### TRY IT
The required output is the lines below from the line containing "Mannhart MV 80" to the line containing "Green white chocolate", inclusive, retyped exactly. No other lines belong in it.

***** DATASET *****

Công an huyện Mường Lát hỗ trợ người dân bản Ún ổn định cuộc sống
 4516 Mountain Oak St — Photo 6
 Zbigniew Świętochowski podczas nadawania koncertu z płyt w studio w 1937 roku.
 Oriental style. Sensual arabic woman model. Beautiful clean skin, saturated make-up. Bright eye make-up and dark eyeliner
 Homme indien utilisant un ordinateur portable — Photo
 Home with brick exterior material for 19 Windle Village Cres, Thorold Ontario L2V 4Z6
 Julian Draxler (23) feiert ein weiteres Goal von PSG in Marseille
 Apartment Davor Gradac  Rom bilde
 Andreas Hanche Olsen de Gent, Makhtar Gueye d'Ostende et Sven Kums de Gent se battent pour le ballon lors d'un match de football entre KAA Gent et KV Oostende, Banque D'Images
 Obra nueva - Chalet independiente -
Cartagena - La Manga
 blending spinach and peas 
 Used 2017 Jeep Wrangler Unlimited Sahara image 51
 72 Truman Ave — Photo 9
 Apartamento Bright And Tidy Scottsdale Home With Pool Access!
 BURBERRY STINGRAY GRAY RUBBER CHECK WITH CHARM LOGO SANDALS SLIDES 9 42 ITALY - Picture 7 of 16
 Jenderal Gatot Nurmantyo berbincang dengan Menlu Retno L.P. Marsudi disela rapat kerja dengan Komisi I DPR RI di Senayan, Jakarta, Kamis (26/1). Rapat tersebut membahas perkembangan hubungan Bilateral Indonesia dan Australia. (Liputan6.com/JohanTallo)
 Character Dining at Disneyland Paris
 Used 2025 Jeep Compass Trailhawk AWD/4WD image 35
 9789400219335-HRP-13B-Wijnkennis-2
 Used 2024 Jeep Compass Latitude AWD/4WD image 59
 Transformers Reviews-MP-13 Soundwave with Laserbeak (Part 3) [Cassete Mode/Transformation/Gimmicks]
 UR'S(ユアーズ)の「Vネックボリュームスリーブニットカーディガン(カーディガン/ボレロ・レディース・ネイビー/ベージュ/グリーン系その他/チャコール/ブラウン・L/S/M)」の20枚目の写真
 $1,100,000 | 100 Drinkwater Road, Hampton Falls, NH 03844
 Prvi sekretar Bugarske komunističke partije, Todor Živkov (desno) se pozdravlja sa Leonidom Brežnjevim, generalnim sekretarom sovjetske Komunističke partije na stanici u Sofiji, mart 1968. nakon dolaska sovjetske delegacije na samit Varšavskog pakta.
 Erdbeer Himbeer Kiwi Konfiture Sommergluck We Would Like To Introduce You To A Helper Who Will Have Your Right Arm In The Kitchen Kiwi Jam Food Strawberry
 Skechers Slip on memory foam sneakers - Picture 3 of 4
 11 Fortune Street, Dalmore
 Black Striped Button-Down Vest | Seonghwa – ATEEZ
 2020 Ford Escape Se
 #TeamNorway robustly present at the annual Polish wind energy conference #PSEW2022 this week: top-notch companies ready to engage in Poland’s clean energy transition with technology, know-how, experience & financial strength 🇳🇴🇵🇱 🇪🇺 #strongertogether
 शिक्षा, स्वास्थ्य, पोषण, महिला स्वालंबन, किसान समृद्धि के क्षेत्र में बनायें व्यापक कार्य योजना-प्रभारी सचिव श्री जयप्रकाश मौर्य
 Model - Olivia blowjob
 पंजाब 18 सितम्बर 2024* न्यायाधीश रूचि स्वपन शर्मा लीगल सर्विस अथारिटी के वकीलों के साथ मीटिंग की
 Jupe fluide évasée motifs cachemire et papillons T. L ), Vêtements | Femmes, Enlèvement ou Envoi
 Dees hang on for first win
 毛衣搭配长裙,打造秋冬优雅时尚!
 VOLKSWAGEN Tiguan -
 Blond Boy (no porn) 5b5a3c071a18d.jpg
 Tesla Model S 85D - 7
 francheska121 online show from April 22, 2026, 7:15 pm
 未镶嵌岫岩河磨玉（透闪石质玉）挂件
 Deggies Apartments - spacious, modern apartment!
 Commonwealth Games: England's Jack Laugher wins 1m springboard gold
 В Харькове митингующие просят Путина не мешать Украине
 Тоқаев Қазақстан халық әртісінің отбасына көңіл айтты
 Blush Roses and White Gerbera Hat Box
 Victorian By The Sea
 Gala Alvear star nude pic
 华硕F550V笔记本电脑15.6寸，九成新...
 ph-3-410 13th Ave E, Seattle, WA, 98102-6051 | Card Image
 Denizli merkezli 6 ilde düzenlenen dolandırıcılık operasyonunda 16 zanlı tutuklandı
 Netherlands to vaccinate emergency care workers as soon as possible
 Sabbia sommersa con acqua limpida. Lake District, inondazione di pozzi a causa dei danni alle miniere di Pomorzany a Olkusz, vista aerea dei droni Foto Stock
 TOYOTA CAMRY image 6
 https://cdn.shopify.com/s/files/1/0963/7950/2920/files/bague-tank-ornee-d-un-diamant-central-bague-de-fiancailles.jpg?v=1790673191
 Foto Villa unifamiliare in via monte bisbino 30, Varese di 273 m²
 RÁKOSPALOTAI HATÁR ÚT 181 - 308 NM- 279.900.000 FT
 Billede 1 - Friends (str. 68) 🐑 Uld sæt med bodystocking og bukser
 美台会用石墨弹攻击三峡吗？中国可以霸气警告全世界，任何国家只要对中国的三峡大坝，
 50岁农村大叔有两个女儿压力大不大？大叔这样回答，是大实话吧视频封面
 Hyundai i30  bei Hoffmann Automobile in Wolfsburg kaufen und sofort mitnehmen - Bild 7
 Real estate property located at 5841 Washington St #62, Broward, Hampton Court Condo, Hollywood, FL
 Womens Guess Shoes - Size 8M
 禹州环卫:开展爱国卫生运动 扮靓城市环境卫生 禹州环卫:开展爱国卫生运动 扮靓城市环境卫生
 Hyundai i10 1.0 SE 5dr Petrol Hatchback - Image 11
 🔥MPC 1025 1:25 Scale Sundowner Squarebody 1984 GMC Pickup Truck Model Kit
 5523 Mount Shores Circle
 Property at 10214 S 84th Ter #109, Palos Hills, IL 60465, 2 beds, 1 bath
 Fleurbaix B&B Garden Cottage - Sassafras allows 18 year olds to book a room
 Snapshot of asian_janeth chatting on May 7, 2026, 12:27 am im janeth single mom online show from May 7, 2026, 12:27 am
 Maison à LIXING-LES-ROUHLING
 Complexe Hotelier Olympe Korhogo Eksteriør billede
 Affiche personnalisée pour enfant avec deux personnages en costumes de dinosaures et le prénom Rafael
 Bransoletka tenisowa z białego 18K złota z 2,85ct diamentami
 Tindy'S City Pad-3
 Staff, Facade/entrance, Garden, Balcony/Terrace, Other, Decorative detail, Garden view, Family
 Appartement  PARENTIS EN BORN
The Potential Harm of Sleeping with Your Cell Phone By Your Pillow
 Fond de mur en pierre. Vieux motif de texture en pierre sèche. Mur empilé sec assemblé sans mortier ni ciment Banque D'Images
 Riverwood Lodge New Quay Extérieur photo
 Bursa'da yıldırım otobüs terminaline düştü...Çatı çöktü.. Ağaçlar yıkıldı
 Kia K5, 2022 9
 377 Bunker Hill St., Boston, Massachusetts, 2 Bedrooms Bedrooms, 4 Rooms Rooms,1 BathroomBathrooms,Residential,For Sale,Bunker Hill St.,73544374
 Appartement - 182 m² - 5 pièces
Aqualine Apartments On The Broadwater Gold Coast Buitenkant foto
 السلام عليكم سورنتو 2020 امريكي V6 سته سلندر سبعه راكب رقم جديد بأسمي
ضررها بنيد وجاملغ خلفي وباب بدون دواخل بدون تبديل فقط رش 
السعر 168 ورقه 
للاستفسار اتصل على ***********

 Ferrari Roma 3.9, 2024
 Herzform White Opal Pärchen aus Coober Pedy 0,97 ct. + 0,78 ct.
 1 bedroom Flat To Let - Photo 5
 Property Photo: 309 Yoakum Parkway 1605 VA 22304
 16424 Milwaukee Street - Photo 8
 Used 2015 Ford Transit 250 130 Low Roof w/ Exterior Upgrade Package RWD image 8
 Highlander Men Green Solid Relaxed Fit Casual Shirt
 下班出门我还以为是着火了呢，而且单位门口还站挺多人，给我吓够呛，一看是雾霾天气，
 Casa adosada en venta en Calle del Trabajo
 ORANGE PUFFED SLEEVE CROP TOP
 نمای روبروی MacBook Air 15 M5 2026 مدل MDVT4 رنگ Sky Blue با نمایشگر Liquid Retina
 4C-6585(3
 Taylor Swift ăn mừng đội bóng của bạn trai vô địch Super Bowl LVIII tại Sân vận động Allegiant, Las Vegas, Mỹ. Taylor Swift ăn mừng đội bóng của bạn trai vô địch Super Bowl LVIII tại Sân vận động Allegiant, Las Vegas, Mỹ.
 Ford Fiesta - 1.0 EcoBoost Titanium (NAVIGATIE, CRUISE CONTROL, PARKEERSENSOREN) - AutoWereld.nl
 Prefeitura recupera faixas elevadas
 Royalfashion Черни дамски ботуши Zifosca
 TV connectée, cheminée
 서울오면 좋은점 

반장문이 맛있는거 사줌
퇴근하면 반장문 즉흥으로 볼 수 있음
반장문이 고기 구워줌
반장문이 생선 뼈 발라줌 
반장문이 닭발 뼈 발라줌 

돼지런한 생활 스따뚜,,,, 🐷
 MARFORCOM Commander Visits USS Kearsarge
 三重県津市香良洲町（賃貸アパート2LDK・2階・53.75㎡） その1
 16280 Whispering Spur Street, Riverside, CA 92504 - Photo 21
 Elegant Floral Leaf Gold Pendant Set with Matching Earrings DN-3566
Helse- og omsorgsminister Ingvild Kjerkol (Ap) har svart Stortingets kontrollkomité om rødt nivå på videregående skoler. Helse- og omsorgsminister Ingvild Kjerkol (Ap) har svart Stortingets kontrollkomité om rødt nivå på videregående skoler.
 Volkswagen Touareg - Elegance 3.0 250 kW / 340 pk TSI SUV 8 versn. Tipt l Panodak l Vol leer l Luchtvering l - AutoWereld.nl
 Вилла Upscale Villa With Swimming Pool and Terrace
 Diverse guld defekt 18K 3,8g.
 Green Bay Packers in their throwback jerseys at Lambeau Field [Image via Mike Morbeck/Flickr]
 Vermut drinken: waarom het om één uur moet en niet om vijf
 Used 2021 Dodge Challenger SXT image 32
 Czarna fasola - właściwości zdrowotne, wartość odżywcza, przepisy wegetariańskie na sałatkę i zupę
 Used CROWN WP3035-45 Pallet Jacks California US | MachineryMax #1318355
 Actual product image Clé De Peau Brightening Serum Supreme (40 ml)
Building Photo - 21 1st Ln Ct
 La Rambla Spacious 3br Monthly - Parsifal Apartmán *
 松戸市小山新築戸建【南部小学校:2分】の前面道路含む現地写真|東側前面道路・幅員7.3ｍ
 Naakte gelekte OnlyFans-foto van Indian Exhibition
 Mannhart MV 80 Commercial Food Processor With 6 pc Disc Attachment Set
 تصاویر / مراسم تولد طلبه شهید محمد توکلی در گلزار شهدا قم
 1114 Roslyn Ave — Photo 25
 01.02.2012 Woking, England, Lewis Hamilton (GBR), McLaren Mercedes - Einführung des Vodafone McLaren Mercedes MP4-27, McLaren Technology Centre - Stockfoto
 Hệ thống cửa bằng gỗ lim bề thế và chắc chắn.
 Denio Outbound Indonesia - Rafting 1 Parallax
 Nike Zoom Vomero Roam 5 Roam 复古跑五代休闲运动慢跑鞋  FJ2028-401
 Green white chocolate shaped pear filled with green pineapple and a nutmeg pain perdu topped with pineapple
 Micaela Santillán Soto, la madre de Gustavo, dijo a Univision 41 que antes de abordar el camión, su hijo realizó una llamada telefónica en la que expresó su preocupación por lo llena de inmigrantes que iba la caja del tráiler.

*****

### RESPONSE BELOW
 Mannhart MV 80 Commercial Food Processor With 6 pc Disc Attachment Set
 تصاویر / مراسم تولد طلبه شهید محمد توکلی در گلزار شهدا قم
 1114 Roslyn Ave — Photo 25
 01.02.2012 Woking, England, Lewis Hamilton (GBR), McLaren Mercedes - Einführung des Vodafone McLaren Mercedes MP4-27, McLaren Technology Centre - Stockfoto
 Hệ thống cửa bằng gỗ lim bề thế và chắc chắn.
 Denio Outbound Indonesia - Rafting 1 Parallax
 Nike Zoom Vomero Roam 5 Roam 复古跑五代休闲运动慢跑鞋  FJ2028-401
 Green white chocolate shaped pear filled with green pineapple and a nutmeg pain perdu topped with pineapple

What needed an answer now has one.